Can I batter a fish and then bake it?  Has anyone tried this?  I hate to try it and be upset because I just wasted the ingredients if it turned out awful.  I can't remember where I got the recipe at so I can't link.  If it is not allowed, please remove it for me.  Here is the recipe that I have and wondered about trying:

*Captain D's Fried Fish Beer Batter*

1 1/2 cups flour
1 pkg. dry yeast
1 egg
1 cup beer (Coors worked)
1/2 cup hot water
1/2 tsp. salt

Mix the yeast and flour together. In another bowl beat together the egg, hot water and salt. Add the beer to the egg mixture. Next beat in the flour and yeast.

Drop fish into batter and cover thoroughly. Fry in hot oil.
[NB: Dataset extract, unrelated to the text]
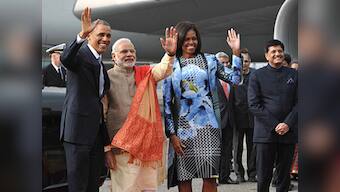 Orange pashmina shawl, pinstriped suit: Modi nearly steals Michelle's fashion thunder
Drain on paper towels after removing from oil.

This also makes the crumbles that Long John Silvers and Captain D's has.

Thanks.


----------



## Andy M. (Apr 5, 2006)

The batter will be to thin and will not cling to the filet.  You could bread it and bake it...


----------



## auntdot (Apr 6, 2006)

Agree with Andy, don't think baking would work here.

Also, I think there is some step left out of the recipe.
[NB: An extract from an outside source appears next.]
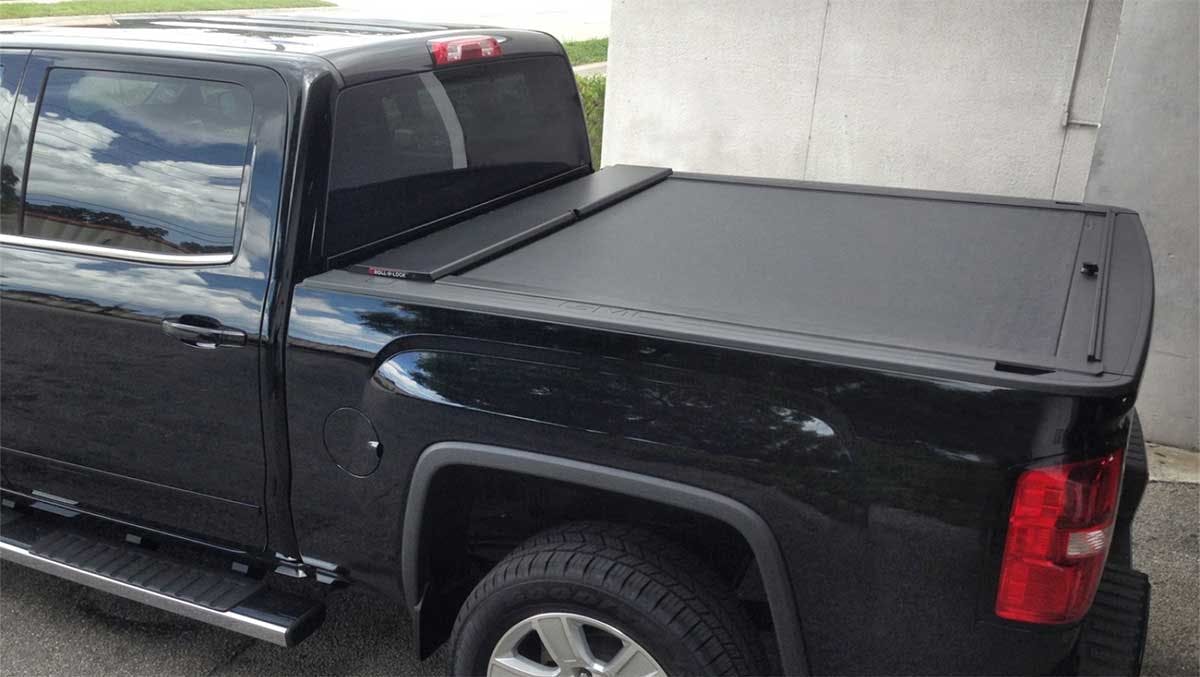 Black pickup truck with retractable tonneau cover rolled back over the bed, parked against a concrete wall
Am not sure what the yeast is there for.

It sounds like you mix everything, including the dry yeast together and then immediately batter and cook.

I so, the yeasty beasties have not even had a chance to wake up yet.

My guess is that you are getting plenty of leavening just from the beer.

But then again am not a baker and rarely make stuff like that.

Am just curious.


----------



## jennyema (Apr 6, 2006)

You can't make it with that batter but you can make it like "oven freid" chicken, with a flour/egg/crumb coating.


----------



## paxpuella (Apr 6, 2006)

Thank you everyone for your replies.  I guess if I want to use that batter, then I'll have to fry it.     Oh well, we will be bad for one day.  Tonight I got home late from work and was just hungry, so I went ahead and made the old standby with lemon juice and a cheese mixture on top baked and broiled. It only takes about 20 to 25 minutes and it is done.  Quick and easy.


----------